Content starts

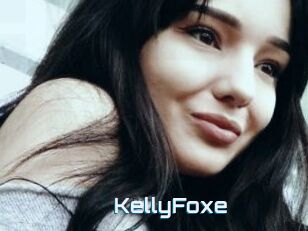 KellyFoxe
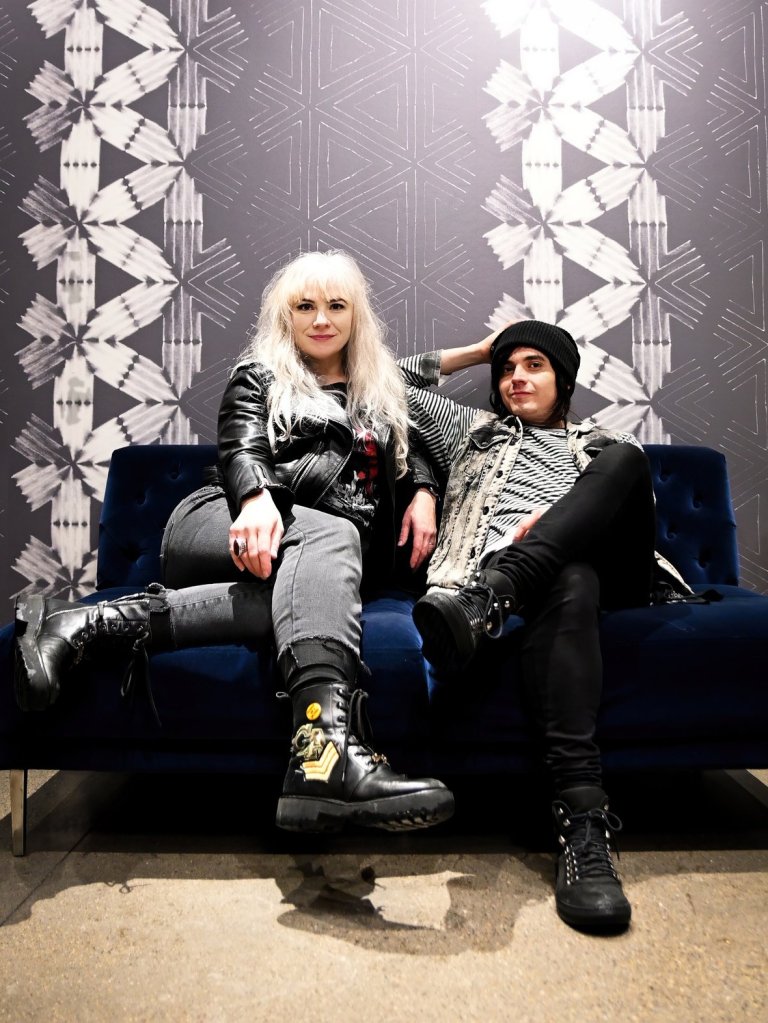 The Dollyrots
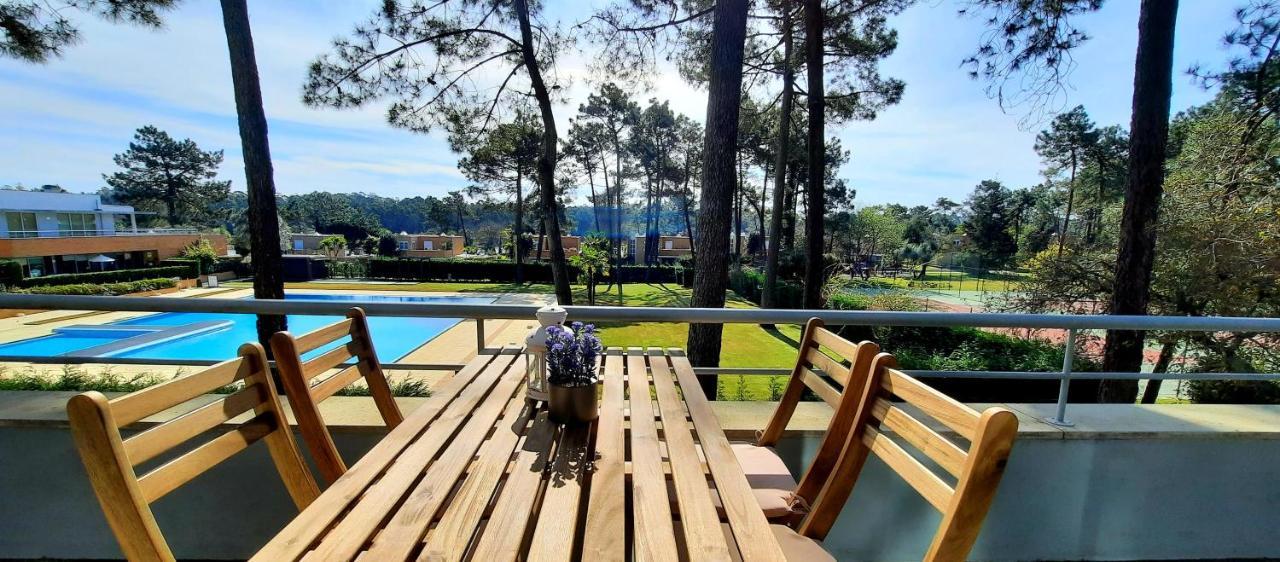 Barca House - Nature - Golf - Pool & Beach 埃斯波森迪 外观 照片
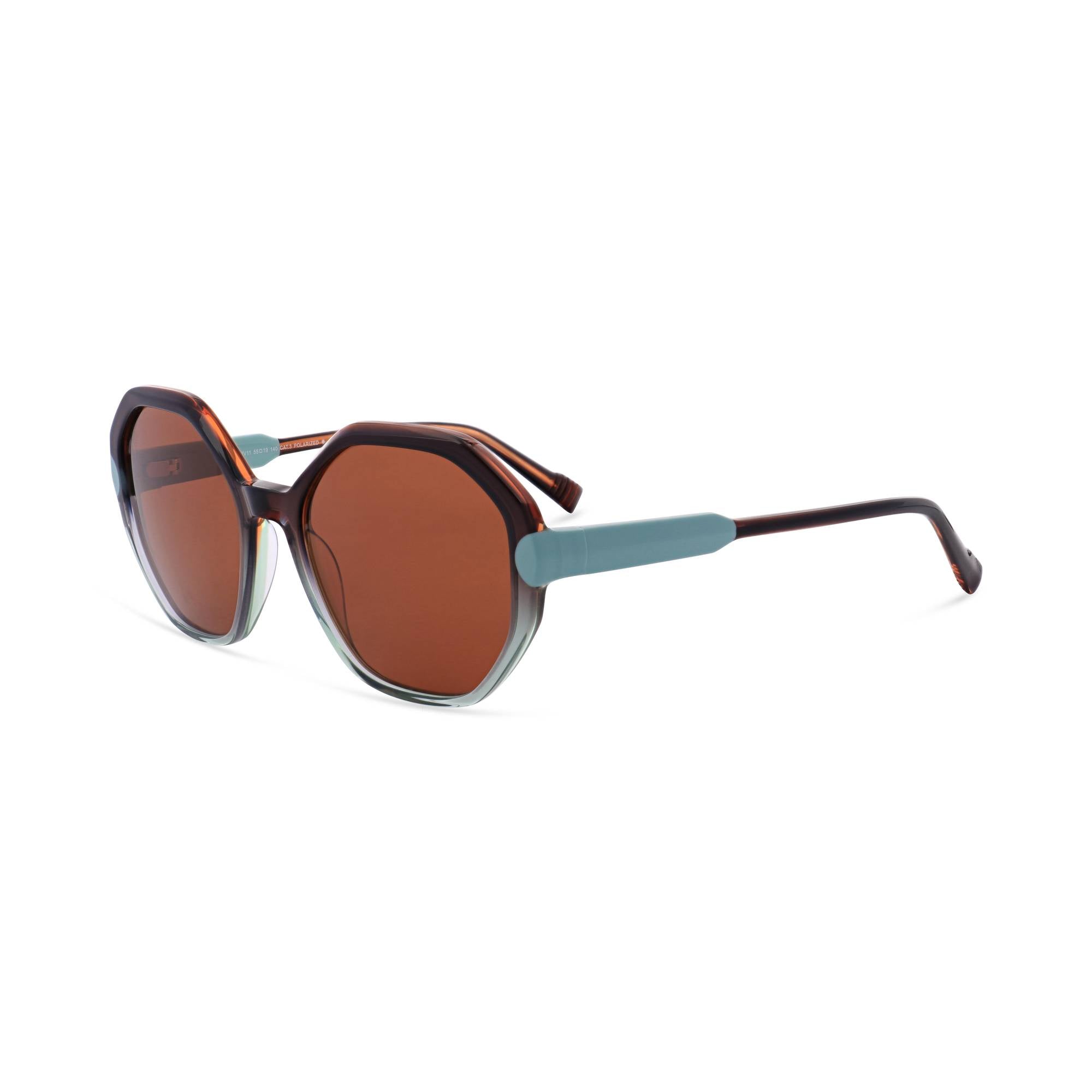 Morel NAXOS - NAXOS 4 SUN Sunglasses | Select Eyewear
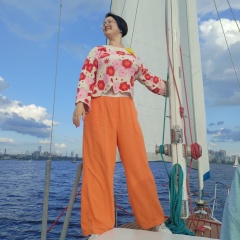 Алла Овчинникова, 30.11, Екатеринбург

Content ends

# WORK TO COMPLETE
Only the lines from the one containing "Barca House - Nature" through the end of the data above are to be output, exactly and without pictures.

# RESULT OF THIS EXERCISE
 Barca House - Nature - Golf - Pool & Beach 埃斯波森迪 外观 照片
 Morel NAXOS - NAXOS 4 SUN Sunglasses | Select Eyewear
 Алла Овчинникова, 30.11, Екатеринбург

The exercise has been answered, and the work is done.